LONDON: Prime Minister Theresa May led tributes to the “heroism” of campaigners on the centenary on Tuesday of women winning the right to vote in Britain, as a host of events honouring the Suffragette movement were held.
In a speech in Manchester − the birthplace of Suffragette leader Emmeline Pankhurst − May will honour the women who “transformed British democracy.”
Campaigners meanwhile hope to make fresh calls for Suffragettes who were jailed while fighting to win the vote for women to be pardoned posthumously.
The Fawcett Society, a British charity campaigning for gender equality and women’s rights, are among those urging the country’s interior minister Amber Rudd to officially pardon more than 1,000 women jailed during their struggle for equality.
Relatives of the Suffragettes, as well as leading lawmakers including Ruth Davidson, the Scottish Conservative leader, have backed the calls.
“Voting was a value judgment, not an intrinsic right,” she wrote in Tuesday’s the Daily Telegraph.
“That inequality is one of the reasons why I support calls to offer a posthumous pardon to those Suffragettes charged with righting that wrong.”
Rudd told the BBC she was aware of the campaign and “completely understand where it’s coming from.” Britain’s Suffragettes adopted militant tactics in their fight for the vote, including the use of violence.
They chained themselves to railings, broke shop windows and blew up post boxes as part of their fight.
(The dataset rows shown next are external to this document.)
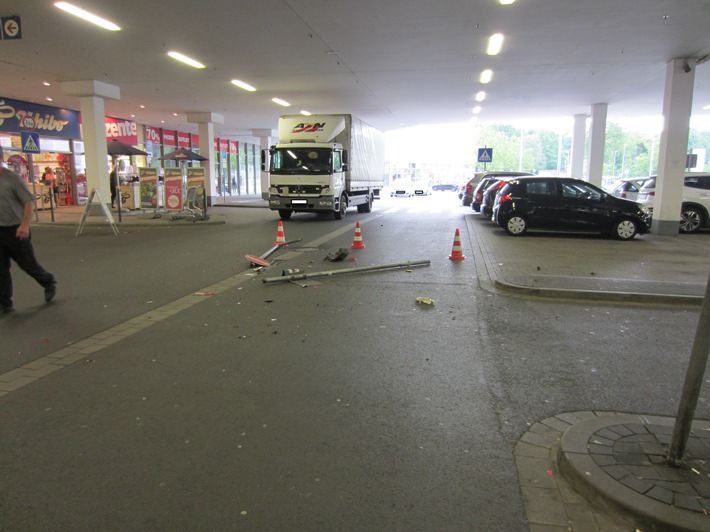 FW-MH: Verkehrsunfall auf Supermarktparkplatz am Heifeskamp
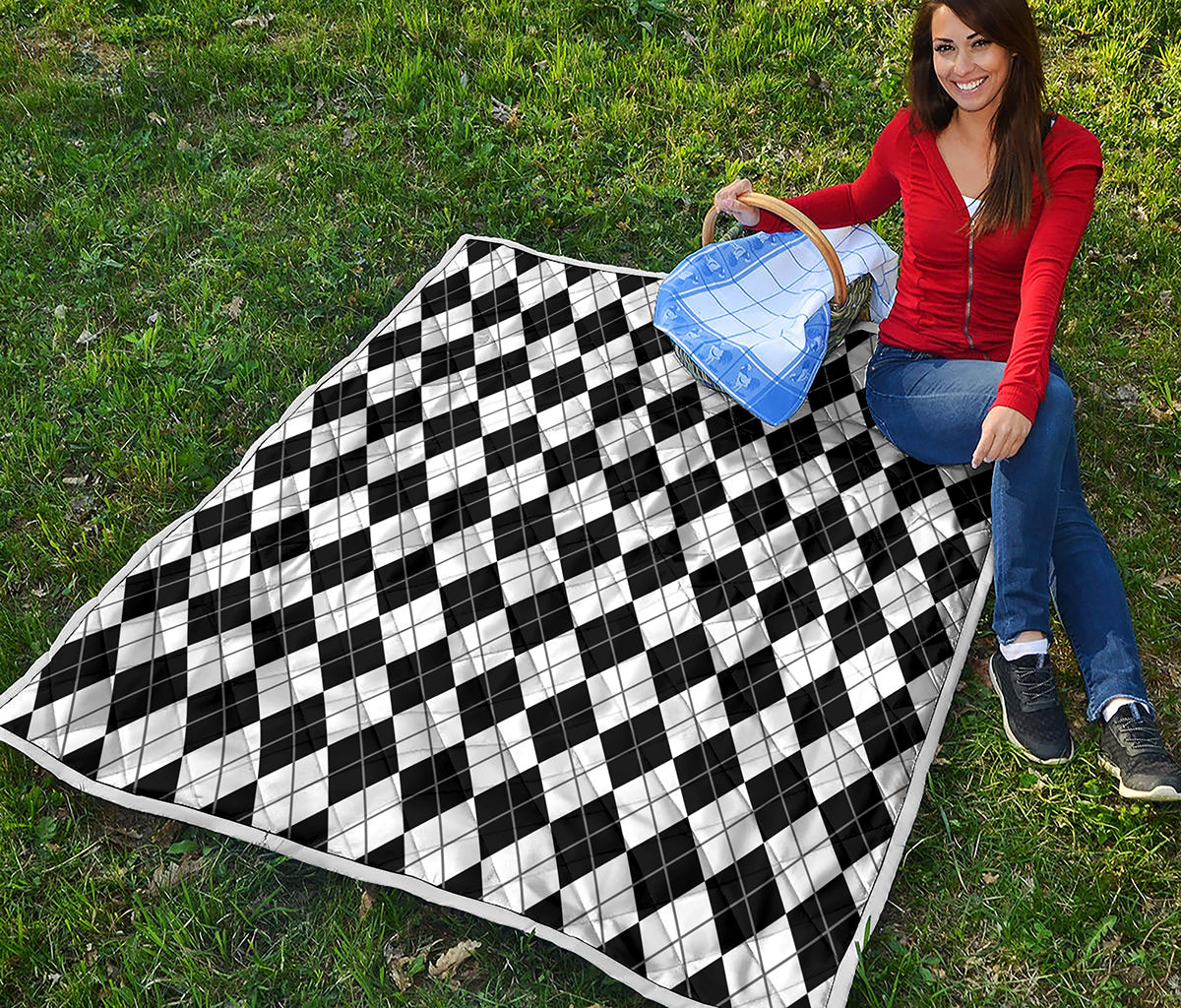 Black And White Argyle Pattern Print Quilt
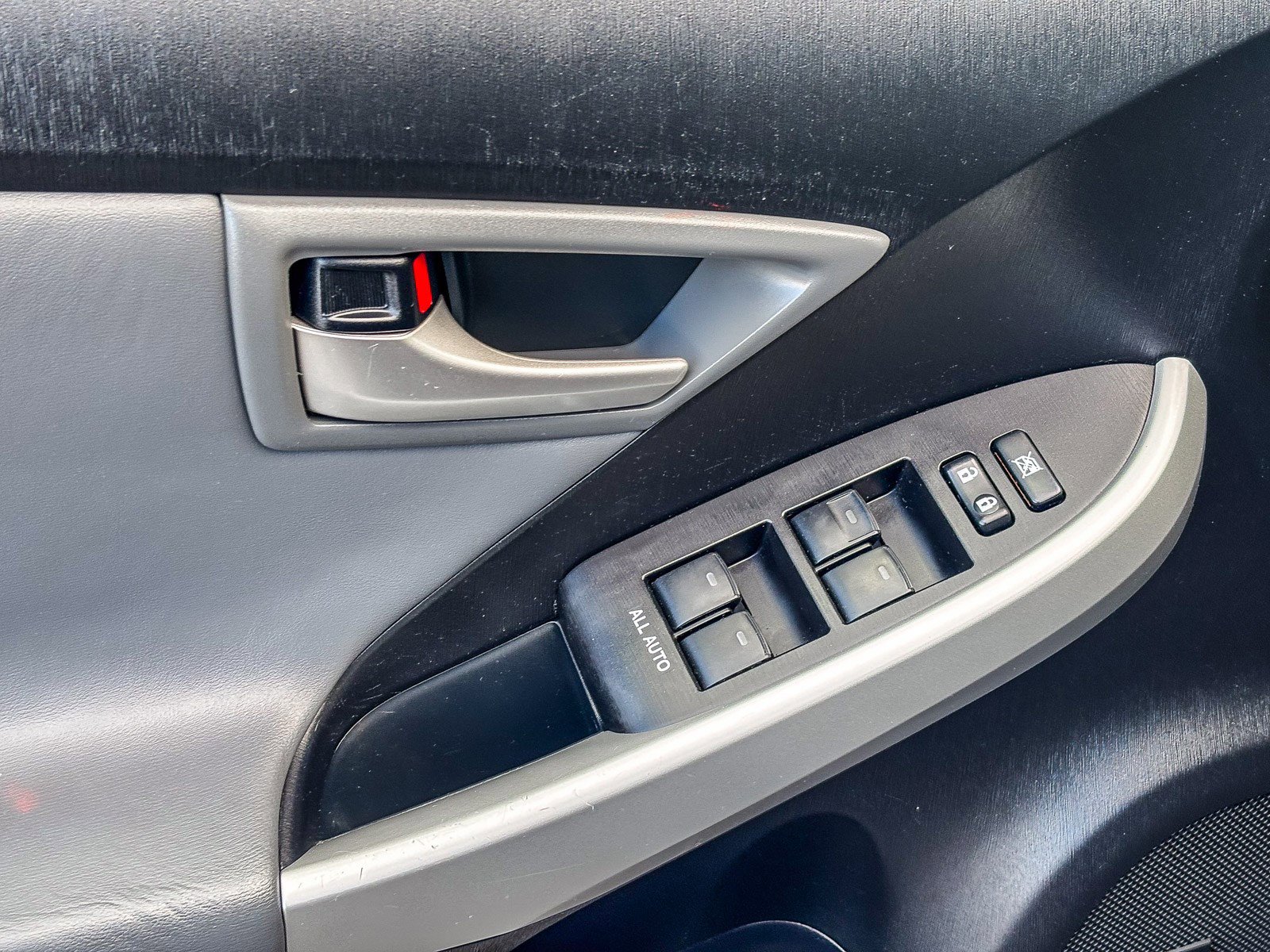 Used 2015 Toyota Prius Four image 21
They cut electricity lines, disrupted meetings and even bombed the house of a government minister.
“It is complicated,” Rudd said. “If you’re going to give a legal pardon for things like arson and violence it’s not straightforward.” - Organisers of an evening reception to launch a year-long “Vote 100” series of Suffragette events and exhibitions in Westminster have invited every living current and former female lawmaker.
It will be the largest-ever gathering of Britain’s women politicians, organisers believe.
“I look forward to joining hundreds of female Parliamentarians, past and present, to celebrate this very special anniversary,” May said ahead of the event.
“Everyone attending tonight will be there because of the heroic, tireless struggle of those who came before us.”
In parliament’s spectacular central lobby four historic acts of law will go on display together for the first time.